» Activity
Count, please, the lines in the listing below that contain "Long", and reply with the count only.

» Records provided
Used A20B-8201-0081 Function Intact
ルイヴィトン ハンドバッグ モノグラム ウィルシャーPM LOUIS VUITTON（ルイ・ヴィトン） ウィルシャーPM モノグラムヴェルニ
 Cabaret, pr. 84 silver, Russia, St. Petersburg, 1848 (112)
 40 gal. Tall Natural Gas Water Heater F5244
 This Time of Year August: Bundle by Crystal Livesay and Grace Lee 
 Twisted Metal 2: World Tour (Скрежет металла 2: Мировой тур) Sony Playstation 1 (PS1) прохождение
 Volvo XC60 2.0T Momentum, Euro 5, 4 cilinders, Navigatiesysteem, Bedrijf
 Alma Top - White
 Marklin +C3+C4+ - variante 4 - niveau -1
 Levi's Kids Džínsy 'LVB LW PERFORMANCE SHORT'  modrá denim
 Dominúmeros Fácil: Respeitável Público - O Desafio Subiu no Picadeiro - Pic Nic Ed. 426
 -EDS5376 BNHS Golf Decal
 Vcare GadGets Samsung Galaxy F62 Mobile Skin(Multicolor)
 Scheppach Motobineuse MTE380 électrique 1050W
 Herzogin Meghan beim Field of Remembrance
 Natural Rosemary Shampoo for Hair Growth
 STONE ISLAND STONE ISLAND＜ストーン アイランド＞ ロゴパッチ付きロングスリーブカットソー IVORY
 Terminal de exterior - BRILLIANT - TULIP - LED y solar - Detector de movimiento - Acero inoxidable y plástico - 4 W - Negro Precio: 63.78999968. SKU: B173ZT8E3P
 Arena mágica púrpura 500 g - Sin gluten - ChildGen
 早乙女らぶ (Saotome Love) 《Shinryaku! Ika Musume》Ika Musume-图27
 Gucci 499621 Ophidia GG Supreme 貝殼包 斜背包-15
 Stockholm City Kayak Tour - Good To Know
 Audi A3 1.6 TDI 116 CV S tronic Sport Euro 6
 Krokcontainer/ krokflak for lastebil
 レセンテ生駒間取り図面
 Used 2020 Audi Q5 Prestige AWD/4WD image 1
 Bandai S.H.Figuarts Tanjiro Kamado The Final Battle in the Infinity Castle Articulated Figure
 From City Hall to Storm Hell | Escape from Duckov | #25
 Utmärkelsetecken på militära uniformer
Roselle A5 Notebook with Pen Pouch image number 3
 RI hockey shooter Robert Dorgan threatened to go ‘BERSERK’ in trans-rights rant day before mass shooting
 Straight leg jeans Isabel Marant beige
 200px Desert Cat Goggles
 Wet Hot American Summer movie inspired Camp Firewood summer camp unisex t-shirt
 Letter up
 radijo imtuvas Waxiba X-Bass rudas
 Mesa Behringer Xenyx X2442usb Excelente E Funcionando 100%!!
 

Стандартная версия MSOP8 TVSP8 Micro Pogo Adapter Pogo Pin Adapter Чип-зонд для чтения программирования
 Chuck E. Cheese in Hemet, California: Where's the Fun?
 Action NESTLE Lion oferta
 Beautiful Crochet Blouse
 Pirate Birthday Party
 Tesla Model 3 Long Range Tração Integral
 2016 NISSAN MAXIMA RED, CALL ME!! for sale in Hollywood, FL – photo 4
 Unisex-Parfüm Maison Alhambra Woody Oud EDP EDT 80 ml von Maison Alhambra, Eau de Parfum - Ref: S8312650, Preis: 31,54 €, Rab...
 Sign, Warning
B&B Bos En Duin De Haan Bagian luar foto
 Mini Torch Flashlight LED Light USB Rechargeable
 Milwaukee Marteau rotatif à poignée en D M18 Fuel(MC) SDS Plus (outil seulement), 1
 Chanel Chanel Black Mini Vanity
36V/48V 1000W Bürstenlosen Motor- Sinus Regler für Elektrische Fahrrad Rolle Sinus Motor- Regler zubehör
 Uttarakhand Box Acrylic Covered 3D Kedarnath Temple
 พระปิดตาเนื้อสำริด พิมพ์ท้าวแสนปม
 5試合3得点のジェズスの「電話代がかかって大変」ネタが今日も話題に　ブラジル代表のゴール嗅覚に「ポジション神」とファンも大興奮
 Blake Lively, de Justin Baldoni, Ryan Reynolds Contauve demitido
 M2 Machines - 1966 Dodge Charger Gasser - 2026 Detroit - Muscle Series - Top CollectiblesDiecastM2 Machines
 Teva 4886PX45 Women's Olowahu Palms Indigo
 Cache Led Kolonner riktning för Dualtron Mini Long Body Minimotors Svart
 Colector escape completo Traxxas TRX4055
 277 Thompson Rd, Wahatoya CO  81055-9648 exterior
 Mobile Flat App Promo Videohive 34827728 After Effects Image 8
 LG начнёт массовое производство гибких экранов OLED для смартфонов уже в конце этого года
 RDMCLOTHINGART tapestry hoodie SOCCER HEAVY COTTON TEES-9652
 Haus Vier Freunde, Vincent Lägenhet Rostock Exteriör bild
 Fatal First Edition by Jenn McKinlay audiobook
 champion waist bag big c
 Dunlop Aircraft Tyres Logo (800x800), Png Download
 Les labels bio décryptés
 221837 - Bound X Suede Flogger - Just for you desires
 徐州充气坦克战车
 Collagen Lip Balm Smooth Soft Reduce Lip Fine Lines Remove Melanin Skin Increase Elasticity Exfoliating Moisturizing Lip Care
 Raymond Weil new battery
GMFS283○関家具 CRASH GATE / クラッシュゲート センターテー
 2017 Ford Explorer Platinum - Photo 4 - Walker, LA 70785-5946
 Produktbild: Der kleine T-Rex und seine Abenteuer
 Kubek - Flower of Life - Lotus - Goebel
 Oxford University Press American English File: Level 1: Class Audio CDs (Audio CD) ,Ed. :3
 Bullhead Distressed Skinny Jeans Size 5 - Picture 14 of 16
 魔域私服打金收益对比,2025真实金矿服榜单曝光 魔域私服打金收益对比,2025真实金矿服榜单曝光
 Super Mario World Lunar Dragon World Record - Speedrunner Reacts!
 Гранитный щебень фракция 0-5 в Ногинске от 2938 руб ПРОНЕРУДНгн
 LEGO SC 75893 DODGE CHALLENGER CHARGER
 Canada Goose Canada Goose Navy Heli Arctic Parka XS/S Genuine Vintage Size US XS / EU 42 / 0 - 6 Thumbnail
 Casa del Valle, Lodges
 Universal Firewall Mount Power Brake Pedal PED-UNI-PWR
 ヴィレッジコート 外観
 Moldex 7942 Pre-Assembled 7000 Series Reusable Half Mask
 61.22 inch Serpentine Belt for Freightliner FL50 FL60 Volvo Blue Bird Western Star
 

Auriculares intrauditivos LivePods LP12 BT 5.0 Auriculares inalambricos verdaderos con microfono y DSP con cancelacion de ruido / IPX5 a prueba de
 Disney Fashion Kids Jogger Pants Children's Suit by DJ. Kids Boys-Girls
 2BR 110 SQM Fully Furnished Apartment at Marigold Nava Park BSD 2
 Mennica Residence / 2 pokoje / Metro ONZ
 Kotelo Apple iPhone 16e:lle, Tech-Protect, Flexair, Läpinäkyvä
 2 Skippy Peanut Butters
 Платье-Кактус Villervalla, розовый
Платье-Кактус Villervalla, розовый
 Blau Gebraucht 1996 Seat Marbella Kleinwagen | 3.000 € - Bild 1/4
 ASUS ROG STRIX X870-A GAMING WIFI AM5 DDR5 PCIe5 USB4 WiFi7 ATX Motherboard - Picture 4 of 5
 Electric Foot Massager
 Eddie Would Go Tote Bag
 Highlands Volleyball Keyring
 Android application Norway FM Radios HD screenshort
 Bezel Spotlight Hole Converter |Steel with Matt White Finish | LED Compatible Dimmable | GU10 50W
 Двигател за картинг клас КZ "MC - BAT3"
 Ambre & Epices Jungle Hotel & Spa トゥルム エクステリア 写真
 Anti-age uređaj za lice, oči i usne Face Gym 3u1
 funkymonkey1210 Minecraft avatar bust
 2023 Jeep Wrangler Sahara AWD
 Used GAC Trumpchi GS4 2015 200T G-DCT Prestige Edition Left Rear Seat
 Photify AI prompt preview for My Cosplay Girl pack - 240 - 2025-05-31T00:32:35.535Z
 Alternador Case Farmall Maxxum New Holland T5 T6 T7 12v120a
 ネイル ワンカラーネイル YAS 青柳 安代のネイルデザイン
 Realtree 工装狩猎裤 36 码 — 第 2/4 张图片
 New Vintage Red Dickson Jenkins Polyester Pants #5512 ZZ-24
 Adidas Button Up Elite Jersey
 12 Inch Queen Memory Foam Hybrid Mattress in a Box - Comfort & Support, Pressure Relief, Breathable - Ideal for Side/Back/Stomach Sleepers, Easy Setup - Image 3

» Answer to the exercise
2